** Records for the task follows **

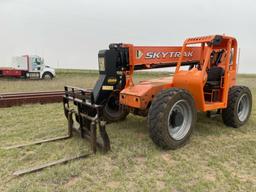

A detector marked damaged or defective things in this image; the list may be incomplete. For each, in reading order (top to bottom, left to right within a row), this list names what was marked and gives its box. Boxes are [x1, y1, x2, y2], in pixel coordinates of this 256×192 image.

rusty metal equipment [0, 90, 64, 108]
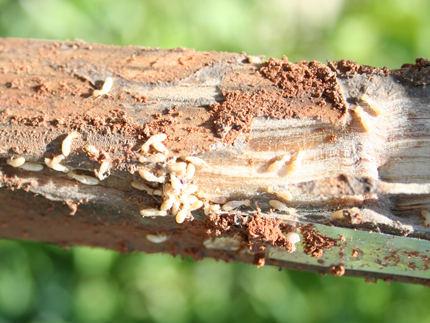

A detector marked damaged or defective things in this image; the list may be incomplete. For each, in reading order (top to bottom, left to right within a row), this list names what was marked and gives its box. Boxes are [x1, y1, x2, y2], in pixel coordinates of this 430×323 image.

damaged wood surface [0, 38, 430, 286]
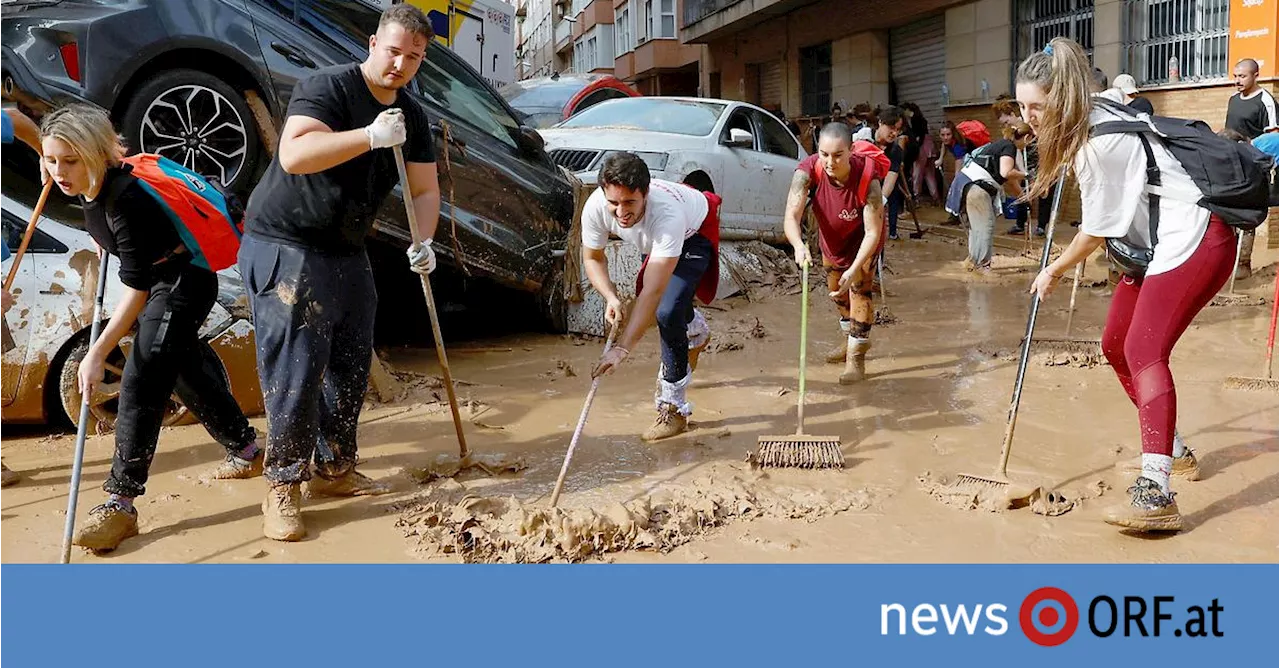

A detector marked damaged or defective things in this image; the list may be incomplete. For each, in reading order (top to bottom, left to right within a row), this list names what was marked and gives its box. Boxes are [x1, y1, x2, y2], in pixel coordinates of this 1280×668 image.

damaged car [0, 176, 262, 428]
damaged car [0, 0, 576, 328]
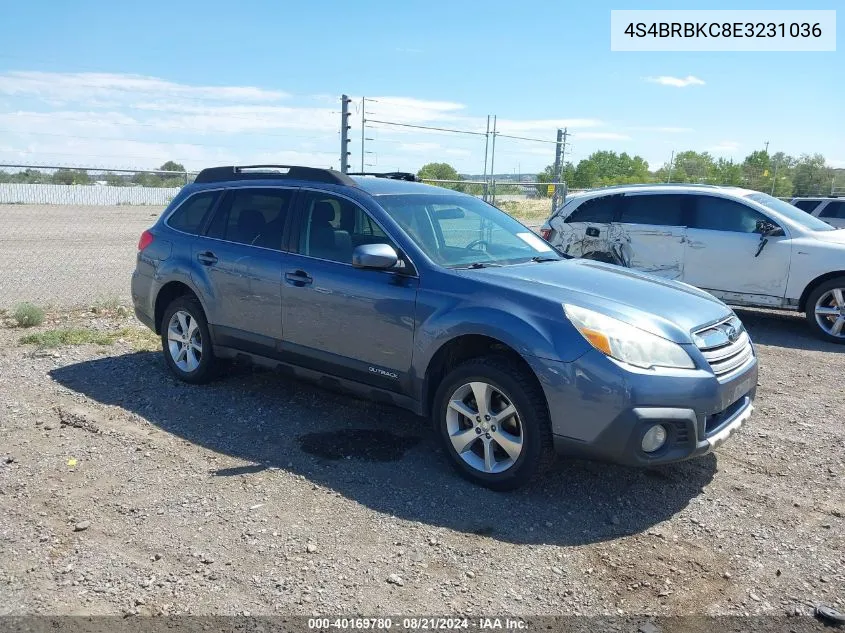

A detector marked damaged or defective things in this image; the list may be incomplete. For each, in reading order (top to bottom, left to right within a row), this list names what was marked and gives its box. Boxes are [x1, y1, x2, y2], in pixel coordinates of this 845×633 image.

damaged white car [540, 183, 845, 340]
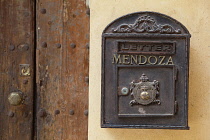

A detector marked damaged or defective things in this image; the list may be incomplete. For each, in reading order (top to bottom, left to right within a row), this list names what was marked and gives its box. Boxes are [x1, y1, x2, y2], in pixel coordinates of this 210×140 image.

rusted metal surface [0, 0, 34, 138]
rusted metal surface [36, 0, 88, 139]
rusted metal surface [101, 11, 190, 129]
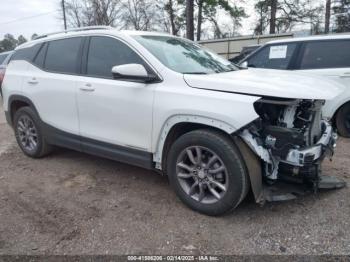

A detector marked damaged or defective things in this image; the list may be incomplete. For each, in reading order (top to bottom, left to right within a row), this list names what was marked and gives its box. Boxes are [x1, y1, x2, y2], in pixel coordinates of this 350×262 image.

** End of Records for the task **

→ Your goal
What is needed is an exact repetition of every line from the line with "this 210×140 image." to the end of the data above, both ends included, with no pictures.

→ Your response
A detector marked damaged or defective things in this image; the list may be incomplete. For each, in reading order (top to bottom, left to right within a row), this list names what was marked and gives its box. Boxes are [x1, y1, x2, y2], in pixel coordinates of this 210×140 image.

rusted metal surface [0, 0, 34, 138]
rusted metal surface [36, 0, 88, 139]
rusted metal surface [101, 11, 190, 129]

A detector marked damaged or defective things in this image; the list may be incomplete. For each, in reading order (top to bottom, left to right within a row), this list names what was marked and gives its box. Boxes are [x1, y1, x2, y2], in pixel coordinates of this 350×262 image.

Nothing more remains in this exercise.